The relationship between Mahmud and his slave Ayaz has been the topic of considerable ‘research’, if speculation is not a better word. One example given in a lot of books is worth repeating.

One day Mahmud asked Ayaz if he had heard of a greater king than him. Immediately came the reply: “Yes Master, I am the greatest king ever”. Mahmud went into a fit of rage and asked him to explain. “My Master, even though you are king, the fact is your heart rules you, and this slave is ruler of your heart”.

We know from books like those written by Al-Beruni, as well as Munshi Sujan Rai Bhandari’s ‘Khulasa-tul-Tawarikh’ (1596 AD) that as Mahmud battled his way towards the great Battle of Peshawar of 1002 AD against the great Hindu Shahi ruler Jayapala, it was Ayaz who was among his several military commanders.

One account even suggests that it was Ayaz who suggested that as a tactic to keep attacking the weakest point of the massive Lahore Army, so that it is split in two, and to further attack the two split armies’ weakest points. After this battle, a most important event in the sub-continental history, we know that Mahmud rewarded Ayaz with the title of a ‘Malik’, and from this time onwards the name Malik Ayaz appears.

The relationship between Mahmud and Ayaz soon acquired legendary status, and it is said that they were inseparable. When the invading Afghan army from Ghazni moved towards Lahore, they camped at a place near Gujjar Khan.

At this point Mahmud asked him to choose a place where the army could rest for about a month keeping in mind the safety of his men. That place is today’s Gujjar Khan, which Mahmud named as Ayazabad, but it was changed later to Hayatabad. Probably a slave’s name did not impress the rulers of later years.

The safe hilltop location reflects the concerns of an archer, as a military historian points out, for with arrows they could fend off a frontal attack.

In the Battle of Lahore in 1021 AD, we see a six-month long siege in which the Hindu Shahi rulers were completely destroyed.

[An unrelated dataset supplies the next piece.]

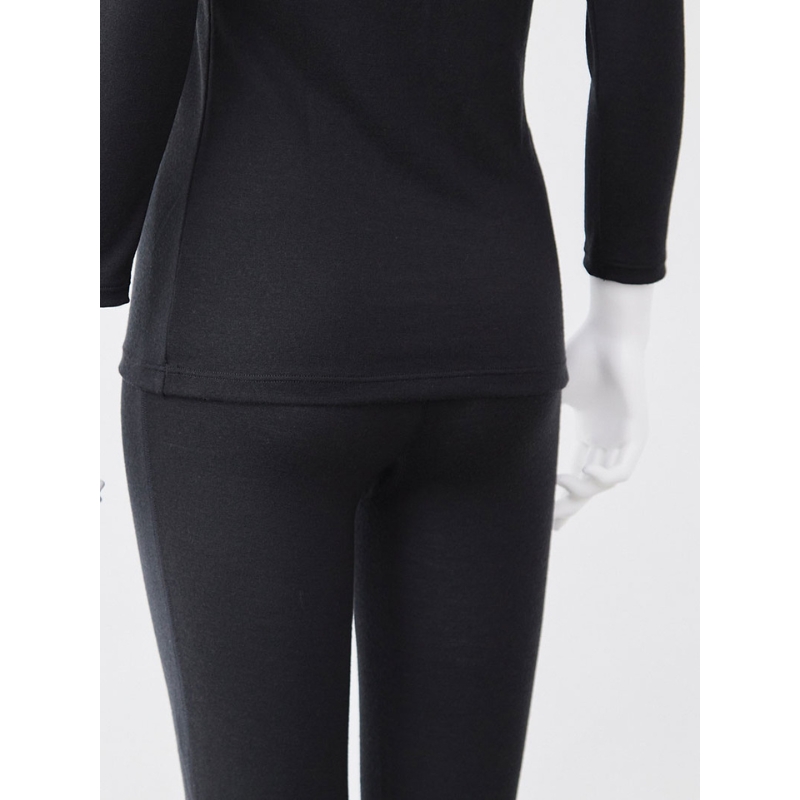 365日のメリノウールインナー advance クルーネック ブラック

It was here that the military prowess of Ayaz came to the front, and his respect among other military commanders increased. But once Lahore fell, an angry Mahmud ordered that the city be flattened and every citizen killed or taken slave to be sold in the markets of Ghazni and Central Asia. Over 100,000 slaves were taken to Ghazni.

Once his anger was quenched at a flattened Lahore, he made his favourite Malik Ayaz the governor with the command that he wanted to see a new Lahore rebuilt with a strong fort.

In the past we have seen it mentioned, and to be honest I have also quoted such sources, that the new Lahore Fort was made of mud walls.

It seems that Malik Ayaz rebuilt the Lahore Fort on the same site as the destroyed one, but with a base of burnt bricks. This was to make sure that during times of flooding of the River Ravi, the base was not eroded.

We also know from archaeological digging done inside the fort in 1952 that he had raised the inner flooring by approximately 25 feet, or the height of four horses as an old manuscript tells us.

The old walled city of Lahore was also rebuilt with mud walls, and soon the city regained its glory with new houses and huge gardens and wells.

The Lahore of Malik Ayaz rose to become a major city of learning, of poetry, of fine life and of fine food, a reputation it has maintained even in the worst of times since. But to Mahmud his slave was to prove wrong all speculations about his loyalty.

One favourite story is that people reported that he was storing wealth to one day return to Georgia a very wealthy man. Mahmud listened to such rumours and one day came to spy on his slave. He found him go every day to a place where a massive trunk existed. Mahmud spied on him and discovered that he went to see the old rags he wore as a slave and to praise Mahmud for his kindness.

On his death Malik Ayaz was buried outside the walls of the then Lahore, and the grave had a beautiful tomb on it, which remained so till in 1811 when the Sikhs knocked it down.

The simple one room grave that exists today was built by traders after 1947. Does Malik Ayaz, Georgian slave, Governor of Lahore and the man who rebuilt a ruined city deserve a better tomb? The answer lies entrenched in our prejudices.